P— A ver, enumera paises y cementerios

Ahora somos los dos sonriendo a la vez

R—En cada viaje que he realizado la visita al cementerio correspondiente ocupaba un lugar destacado en mi agenda de viaje y entre ellos, imposible citarlos a todos, hay algunos muy importantes y destacados como el de Arlington en Virginia (EE.UU), el cementerio judío de Praga, el mausoleo donde reposan las cenizas de Gandhi en Delhi, las Pirámides, auténticos templos funerarios de Egipto, y dos de los más conocidos y apreciados por mí, el cementerio de Père Lachaise y el de Montparnasse en París. 

Dentro de nuestro país, he de señalar la visita a los cementerios británicos de Bilbao, Santander, Málaga; Tenerife y Sevilla además de los que conservamos en Huelva, Riotinto y Tharsis. 


P—Como sé que quieres hablar de tu último libro, informanos antes quién fue Matheson. 
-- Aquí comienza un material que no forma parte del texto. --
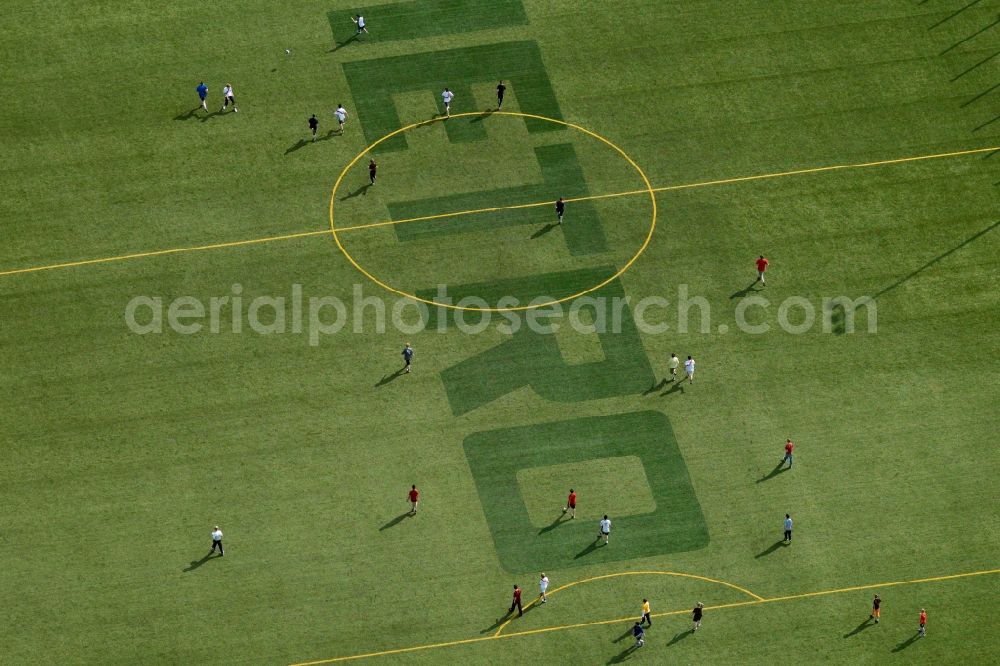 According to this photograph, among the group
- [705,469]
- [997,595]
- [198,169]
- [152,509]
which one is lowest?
[997,595]

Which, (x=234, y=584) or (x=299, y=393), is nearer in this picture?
(x=234, y=584)

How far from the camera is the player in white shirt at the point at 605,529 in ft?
301

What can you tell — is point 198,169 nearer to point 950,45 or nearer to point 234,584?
point 234,584

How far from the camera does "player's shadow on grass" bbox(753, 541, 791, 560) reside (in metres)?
92.7

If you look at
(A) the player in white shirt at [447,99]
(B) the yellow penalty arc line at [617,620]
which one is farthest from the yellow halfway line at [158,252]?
(B) the yellow penalty arc line at [617,620]

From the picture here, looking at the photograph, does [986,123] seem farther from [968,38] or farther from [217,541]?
[217,541]

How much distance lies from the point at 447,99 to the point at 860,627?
40216 millimetres

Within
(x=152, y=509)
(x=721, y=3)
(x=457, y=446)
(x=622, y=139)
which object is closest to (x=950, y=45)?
(x=721, y=3)

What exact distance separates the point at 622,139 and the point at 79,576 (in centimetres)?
4201

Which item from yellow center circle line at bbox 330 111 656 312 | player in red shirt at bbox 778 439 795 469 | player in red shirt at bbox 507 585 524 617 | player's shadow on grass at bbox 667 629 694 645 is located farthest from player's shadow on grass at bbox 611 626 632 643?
yellow center circle line at bbox 330 111 656 312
R— Mi interés por Hugh M. Matheson es debido a que este señor de la época victoriana fue durante veinticinco años presidente de la Rio Tinto Company (libro pubicado por la Universidad de Huelva) con todo lo que este cargo conlleva y el legado que su presidencia dejó en la Cuenca Minera de Huelva. Así que visité el cementerio de Highgate en Londres y el South Leith Parish Church en Edimburgo donde están los padres. 

P—¿Y otras obras tuyas? 

R— Mi primera obra fue «In Loving Memory» donde echo una exhaustiva mirada a nuestro pasado minero y los cementerios británicos de la provincia de Huelva.

P—¿Qué nos enseñan los cementerios? 

R—En nuestra cultura judeo-cristiana la muerte y los cementerios se asocian comúnmente con el osario y el lugar en el que se depositaban los cadáveres; por ese motivo ambos conceptos no están exentos de connotaciones tétricas pero en la actualidad, aunque todavía hay muchas personas que tienen horror al cementerio afortunadamente se va imponiendo la idea más intimista de considerarlos como un lugar histórico y también como campo de reposo, más parecido al significado de Campo Elíseo, el lugar reservado, según la mitología griega para los mortales elegidos por los dioses, los justos y los heroicos en el que permanecerían después de la muerte. 

P—¿Por qué ese temor a la muerte en nuestra sociedad actual?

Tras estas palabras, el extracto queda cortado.